Isolation and Characterization of L-Asparaginase-Producing Bacteria from the Arabian–Persian Gulf Region: First Report on Bacillus xiamenensis ASP-J1-4 as a Producer and Its Potential Application

  • Ghofran M. Al-Harbi
  • , Essam Kotb*
  • , Abeer A. Almiman
  • , Mahmoud M. Berekaa
  • , Salwa Alhamad
  • , Nada F. Alahmady
  • , Meneerah A. Aljafary
  • , Nadiyah M. Alqazlan
  • , Reem I. Alyami
  • , Joud M. Alqarni
  • , Ebtesam Abdullah Al-Suhaimi*
  • *Corresponding author for this work

Research output: Contribution to journalArticlepeer-review

1 Scopus citations

Abstract

L-asparaginase (L-ASNase) functions as a chemotherapeutic enzyme with antitumor properties. It facilitates the degradation of L-asparagine (L-ASN), a vital amino acid required for the proliferation of tumor cells. In this study, we have isolated 177 L-ASNase-producing strains from the aquatic environment of the Arabian–Persian Gulf. The most potent isolate, ASP-J1-4, was an endophyte recovered from the seablite Suaeda maritima and was molecularly identified as B. xiamenensis (accession number PQ593941). The enzyme purified through DEAE-Sepharose displayed a molecular weight of 37 kDa based on the SDS-PAGE profile and lacked detectable L-glutaminase (L-GTNase) activity. Optimal enzyme activity was at 40 °C and pH 9.0, with stability at pH 7–9. The maximum stimulation effect was found in the presence of Fe3+, Mn2+, and Na+ ions, respectively. The enzyme demonstrated a Vmax of 35.71 U/mL and a Km of 0.15 mM. Interestingly, ASP-J1-4 L-ASNase showed a dose-dependent inhibition against human colon carcinoma (HCT-116) and cervical Henrietta Lacks (HeLa) cell lines, with IC50 values of 15.42 µg/mL and 12.13 µg/mL, respectively.

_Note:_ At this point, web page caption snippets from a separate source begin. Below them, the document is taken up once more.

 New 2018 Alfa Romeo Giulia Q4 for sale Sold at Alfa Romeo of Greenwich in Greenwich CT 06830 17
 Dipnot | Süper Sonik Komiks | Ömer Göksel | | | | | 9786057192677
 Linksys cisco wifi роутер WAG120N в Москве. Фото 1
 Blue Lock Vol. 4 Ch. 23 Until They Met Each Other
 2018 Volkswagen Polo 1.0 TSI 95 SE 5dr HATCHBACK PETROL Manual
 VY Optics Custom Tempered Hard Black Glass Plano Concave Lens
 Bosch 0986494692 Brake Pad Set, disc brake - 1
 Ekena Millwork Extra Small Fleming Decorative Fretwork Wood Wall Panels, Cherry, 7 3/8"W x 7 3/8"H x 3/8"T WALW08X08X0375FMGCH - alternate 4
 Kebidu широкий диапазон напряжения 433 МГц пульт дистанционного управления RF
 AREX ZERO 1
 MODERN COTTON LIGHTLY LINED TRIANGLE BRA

These findings collectively suggest a biocompatible, efficient, and robust enzyme for potential applications in tumor therapy after validation of in vivo studies and clinical trials. This study introduces the first deep screening program for L-ASNase-producing bacteria harboring in the Arabian–Persian Gulf region. In addition, it launches B. xiamenensis and other species as new sources of L-ASNase.

Original languageEnglish
Article number194
JournalMarine Drugs
Volume23
Issue number5
DOIs
StatePublished - May 2025
Externally publishedYes

Bibliographical note

Publisher Copyright:
© 2025 by the authors.

Keywords

  • antitumor
  • Arabian–Persian Gulf
  • Bacillus xiamenensis
  • L-asparaginase
  • marine bacteria
  • marine drugs

ASJC Scopus subject areas

  • Pharmaceutical Science
  • Drug Discovery
  • Pharmacology, Toxicology and Pharmaceutics (miscellaneous)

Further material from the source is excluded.